Output the data word for word. Begin at its first line and end at the line with "Gudhem Gungnir Relic, Bronze - Image 3".

• • • •

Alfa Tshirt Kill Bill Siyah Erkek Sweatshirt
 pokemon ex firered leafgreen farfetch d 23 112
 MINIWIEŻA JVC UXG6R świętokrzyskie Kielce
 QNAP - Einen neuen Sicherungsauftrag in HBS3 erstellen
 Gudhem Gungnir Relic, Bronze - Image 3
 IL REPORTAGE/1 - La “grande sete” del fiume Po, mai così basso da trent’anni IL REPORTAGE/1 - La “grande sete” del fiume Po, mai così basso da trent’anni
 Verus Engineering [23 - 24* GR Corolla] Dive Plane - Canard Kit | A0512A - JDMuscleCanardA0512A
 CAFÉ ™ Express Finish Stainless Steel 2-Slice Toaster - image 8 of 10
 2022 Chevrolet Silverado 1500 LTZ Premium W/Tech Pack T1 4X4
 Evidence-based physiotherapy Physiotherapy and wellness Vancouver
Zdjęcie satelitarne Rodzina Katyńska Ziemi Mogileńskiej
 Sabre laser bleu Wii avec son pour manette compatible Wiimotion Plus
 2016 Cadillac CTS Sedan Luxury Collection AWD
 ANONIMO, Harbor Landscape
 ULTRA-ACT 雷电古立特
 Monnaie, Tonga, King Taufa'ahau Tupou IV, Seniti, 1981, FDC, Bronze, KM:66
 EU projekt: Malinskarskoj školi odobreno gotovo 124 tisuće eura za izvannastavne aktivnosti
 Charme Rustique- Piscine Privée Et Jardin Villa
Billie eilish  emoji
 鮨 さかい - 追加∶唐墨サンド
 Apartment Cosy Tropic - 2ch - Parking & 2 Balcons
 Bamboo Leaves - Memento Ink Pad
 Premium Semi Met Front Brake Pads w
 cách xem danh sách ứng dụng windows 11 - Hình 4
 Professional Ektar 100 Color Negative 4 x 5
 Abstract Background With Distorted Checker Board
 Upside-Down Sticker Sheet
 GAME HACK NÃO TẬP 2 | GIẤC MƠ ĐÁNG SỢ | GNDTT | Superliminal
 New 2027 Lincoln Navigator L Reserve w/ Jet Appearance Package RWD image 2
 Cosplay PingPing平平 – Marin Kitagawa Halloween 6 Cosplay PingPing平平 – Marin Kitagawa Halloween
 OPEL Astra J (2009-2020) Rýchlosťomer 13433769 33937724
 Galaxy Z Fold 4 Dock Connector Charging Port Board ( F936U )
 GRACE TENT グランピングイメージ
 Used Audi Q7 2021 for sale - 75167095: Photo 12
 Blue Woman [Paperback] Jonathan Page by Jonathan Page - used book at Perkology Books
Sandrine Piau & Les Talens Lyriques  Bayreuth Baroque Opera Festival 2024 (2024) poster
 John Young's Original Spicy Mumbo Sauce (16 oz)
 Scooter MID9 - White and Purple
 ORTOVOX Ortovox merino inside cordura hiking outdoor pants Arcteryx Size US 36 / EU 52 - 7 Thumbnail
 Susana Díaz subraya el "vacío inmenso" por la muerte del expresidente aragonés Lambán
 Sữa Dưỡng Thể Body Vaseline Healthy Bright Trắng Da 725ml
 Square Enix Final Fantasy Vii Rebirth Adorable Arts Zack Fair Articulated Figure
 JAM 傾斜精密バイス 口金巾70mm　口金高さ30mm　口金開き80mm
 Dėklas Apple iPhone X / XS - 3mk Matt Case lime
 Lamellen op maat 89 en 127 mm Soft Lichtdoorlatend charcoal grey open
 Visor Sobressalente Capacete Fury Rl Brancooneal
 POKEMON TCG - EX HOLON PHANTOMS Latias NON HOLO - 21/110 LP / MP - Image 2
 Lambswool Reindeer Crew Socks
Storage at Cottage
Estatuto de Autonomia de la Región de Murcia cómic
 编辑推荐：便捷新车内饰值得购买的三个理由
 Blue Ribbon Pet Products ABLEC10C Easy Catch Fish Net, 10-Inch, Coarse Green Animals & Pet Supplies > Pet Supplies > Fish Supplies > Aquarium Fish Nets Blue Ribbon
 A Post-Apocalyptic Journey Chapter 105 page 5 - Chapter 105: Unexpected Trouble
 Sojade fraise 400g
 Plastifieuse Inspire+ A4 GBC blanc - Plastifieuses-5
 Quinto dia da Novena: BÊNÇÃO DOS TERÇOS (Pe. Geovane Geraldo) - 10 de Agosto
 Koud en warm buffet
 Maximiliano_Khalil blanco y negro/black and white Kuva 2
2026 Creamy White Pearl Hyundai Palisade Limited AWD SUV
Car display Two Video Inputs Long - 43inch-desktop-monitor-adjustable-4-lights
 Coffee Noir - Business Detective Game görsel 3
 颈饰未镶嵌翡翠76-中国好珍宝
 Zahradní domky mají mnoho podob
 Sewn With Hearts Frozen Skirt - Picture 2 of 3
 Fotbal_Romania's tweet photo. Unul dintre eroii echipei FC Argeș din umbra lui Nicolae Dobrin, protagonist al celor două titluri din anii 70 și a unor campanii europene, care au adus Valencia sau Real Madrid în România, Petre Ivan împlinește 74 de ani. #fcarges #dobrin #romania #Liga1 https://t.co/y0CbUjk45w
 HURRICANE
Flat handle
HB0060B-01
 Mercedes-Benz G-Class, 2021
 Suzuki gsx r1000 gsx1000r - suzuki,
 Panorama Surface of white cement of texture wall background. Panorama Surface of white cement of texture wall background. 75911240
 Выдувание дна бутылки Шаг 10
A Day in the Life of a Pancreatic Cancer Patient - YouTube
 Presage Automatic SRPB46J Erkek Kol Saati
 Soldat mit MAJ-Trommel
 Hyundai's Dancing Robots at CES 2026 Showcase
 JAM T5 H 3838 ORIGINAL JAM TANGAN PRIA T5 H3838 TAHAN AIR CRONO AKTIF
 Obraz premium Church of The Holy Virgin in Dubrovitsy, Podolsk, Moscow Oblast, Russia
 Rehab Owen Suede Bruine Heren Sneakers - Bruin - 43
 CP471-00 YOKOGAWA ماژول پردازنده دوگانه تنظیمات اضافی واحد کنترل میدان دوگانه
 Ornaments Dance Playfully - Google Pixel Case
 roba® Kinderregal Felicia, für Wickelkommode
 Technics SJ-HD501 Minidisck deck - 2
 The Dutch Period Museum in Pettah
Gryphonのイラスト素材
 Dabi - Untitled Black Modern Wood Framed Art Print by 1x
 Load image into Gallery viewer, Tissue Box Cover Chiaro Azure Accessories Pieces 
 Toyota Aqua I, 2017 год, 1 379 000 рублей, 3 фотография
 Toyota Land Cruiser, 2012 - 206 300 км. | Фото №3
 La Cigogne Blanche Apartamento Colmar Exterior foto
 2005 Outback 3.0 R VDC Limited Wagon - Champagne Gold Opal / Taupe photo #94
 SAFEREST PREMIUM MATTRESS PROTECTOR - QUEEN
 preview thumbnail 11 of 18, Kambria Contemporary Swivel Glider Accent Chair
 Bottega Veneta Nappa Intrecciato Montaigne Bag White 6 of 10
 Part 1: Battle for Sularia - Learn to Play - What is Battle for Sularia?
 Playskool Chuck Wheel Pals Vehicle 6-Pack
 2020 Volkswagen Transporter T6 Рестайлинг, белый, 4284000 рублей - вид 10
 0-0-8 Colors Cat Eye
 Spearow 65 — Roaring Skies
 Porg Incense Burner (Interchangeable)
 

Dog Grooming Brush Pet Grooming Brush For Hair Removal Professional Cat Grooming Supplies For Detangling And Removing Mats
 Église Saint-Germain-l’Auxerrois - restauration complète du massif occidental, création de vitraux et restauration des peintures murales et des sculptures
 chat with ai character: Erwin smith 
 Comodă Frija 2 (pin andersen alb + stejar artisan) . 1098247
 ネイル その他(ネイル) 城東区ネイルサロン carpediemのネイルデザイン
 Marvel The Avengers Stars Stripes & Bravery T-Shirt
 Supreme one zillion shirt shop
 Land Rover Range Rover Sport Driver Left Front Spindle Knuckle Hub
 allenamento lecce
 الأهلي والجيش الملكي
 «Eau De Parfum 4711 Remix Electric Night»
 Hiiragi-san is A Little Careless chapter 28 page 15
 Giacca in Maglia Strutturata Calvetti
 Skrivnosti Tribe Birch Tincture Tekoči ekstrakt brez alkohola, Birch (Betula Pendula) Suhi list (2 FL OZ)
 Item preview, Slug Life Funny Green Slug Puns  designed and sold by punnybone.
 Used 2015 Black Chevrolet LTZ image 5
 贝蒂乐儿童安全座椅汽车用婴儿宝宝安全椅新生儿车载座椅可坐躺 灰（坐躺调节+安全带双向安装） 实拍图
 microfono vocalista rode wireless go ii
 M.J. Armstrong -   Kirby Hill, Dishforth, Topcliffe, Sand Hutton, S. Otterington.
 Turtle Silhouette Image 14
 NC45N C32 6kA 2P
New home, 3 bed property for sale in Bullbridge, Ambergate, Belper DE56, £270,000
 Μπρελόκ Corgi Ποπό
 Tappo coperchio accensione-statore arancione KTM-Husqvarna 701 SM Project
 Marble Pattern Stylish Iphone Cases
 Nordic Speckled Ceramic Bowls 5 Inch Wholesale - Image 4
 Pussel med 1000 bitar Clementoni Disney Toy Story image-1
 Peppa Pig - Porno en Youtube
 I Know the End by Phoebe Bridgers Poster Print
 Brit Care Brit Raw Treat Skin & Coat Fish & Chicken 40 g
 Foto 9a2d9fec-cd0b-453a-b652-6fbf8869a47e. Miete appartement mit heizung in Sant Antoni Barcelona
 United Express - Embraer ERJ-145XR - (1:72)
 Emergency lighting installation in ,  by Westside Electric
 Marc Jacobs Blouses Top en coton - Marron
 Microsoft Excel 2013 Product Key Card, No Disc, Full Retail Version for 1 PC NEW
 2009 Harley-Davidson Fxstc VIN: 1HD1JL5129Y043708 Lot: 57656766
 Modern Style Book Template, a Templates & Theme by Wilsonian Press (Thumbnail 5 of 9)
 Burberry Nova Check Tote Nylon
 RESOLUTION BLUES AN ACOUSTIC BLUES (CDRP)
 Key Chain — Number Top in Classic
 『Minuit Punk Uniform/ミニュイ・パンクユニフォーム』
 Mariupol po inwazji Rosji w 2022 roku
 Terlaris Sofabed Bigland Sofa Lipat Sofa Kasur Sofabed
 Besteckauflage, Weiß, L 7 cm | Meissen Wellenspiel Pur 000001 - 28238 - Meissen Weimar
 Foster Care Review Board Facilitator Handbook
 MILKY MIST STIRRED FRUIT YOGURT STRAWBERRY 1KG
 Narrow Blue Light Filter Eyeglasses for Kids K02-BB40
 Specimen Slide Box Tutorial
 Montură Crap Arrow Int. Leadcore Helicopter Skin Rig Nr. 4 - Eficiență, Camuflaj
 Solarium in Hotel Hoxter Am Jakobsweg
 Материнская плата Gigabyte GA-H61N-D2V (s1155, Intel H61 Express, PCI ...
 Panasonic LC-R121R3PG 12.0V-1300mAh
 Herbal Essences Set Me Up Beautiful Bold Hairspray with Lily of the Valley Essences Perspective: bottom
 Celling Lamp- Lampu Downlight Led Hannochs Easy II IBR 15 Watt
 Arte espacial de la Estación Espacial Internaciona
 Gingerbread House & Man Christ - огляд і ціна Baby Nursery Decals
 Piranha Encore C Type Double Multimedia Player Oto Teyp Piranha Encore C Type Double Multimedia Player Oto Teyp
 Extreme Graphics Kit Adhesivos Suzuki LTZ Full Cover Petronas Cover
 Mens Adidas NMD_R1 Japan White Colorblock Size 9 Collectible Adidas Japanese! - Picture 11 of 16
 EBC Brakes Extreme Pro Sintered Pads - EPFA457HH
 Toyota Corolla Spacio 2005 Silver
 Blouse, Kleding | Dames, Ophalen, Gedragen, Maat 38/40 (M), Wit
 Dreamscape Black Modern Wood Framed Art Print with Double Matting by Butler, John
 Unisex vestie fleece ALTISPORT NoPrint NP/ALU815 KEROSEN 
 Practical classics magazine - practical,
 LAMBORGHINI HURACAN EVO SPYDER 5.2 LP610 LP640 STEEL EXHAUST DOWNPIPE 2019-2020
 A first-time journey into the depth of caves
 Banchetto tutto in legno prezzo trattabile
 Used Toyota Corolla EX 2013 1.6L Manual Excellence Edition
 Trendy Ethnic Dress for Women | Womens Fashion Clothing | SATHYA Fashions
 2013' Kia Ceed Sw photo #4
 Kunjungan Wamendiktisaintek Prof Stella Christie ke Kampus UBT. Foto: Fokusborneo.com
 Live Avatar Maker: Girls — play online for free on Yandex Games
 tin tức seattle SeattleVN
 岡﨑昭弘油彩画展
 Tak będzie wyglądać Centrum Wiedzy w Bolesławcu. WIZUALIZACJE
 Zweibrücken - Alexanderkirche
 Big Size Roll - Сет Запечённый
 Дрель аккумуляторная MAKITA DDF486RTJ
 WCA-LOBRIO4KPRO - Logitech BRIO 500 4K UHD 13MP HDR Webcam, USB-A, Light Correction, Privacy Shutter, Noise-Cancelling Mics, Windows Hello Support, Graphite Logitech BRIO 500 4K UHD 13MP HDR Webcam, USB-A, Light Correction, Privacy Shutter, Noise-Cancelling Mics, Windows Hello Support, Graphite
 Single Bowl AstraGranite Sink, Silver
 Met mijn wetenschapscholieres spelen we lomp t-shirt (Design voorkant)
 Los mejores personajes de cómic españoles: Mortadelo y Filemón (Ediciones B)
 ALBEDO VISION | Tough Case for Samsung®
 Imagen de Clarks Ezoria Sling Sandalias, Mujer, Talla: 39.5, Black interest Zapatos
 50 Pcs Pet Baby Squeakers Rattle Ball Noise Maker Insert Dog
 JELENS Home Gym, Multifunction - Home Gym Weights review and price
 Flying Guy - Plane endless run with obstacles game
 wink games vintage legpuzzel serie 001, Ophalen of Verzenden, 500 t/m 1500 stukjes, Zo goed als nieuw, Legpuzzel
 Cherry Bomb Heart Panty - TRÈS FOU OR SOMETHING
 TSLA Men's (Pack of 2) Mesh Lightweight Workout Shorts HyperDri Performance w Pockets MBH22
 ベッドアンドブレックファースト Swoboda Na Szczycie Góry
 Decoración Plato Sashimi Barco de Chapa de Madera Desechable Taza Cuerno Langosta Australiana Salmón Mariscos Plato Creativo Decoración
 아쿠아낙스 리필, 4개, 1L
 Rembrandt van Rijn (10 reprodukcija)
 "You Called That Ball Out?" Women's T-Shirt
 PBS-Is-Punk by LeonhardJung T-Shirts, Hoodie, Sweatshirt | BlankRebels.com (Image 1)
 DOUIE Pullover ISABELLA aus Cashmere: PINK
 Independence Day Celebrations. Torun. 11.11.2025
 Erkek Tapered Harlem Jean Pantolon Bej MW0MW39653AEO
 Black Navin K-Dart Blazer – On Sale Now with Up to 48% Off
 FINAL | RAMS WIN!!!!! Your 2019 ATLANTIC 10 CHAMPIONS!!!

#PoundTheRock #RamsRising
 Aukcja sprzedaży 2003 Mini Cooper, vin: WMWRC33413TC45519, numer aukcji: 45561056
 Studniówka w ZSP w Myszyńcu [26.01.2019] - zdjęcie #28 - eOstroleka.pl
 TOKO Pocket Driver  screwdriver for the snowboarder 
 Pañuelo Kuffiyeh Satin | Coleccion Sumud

• • • •

Solution to this problem:
Alfa Tshirt Kill Bill Siyah Erkek Sweatshirt
 pokemon ex firered leafgreen farfetch d 23 112
 MINIWIEŻA JVC UXG6R świętokrzyskie Kielce
 QNAP - Einen neuen Sicherungsauftrag in HBS3 erstellen
 Gudhem Gungnir Relic, Bronze - Image 3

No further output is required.